• WORK REQUIRED: Reproduce the listing below exactly. Pictures do not belong in the copy.

• DATASET EXTRACT:
▬▬▬▬▬▬▬▬▬▬

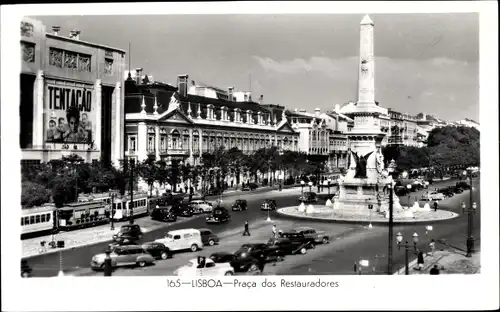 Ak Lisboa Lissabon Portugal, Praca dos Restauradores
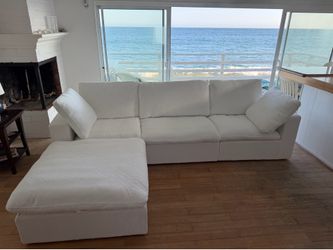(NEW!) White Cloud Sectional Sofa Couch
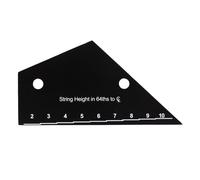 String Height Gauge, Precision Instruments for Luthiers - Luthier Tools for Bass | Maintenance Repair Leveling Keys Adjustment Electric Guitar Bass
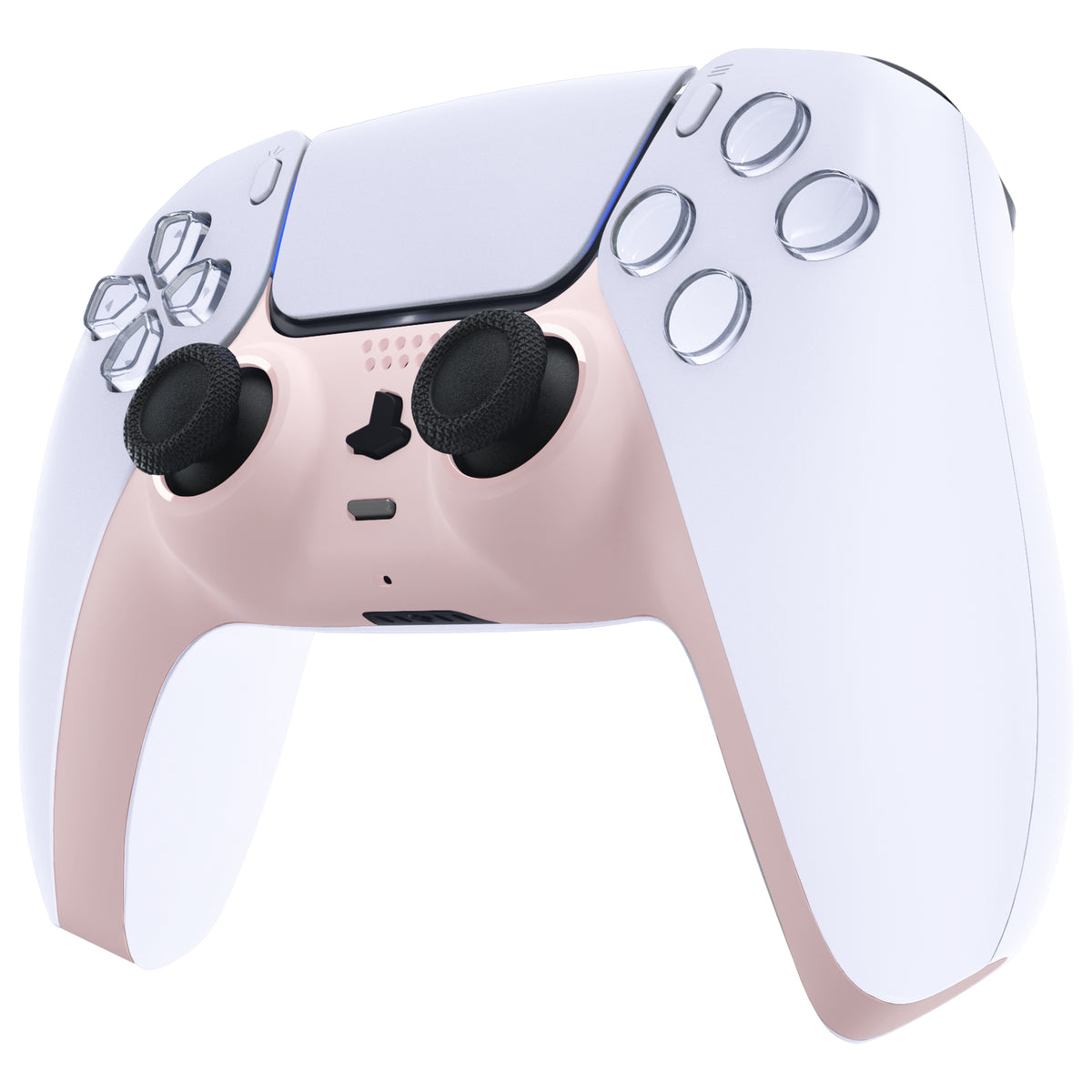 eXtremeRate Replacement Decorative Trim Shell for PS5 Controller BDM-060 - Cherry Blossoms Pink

▬▬▬▬▬▬▬▬▬▬

• COMPLETED EXERCISE:
 Ak Lisboa Lissabon Portugal, Praca dos Restauradores
(NEW!) White Cloud Sectional Sofa Couch
 String Height Gauge, Precision Instruments for Luthiers - Luthier Tools for Bass | Maintenance Repair Leveling Keys Adjustment Electric Guitar Bass
 eXtremeRate Replacement Decorative Trim Shell for PS5 Controller BDM-060 - Cherry Blossoms Pink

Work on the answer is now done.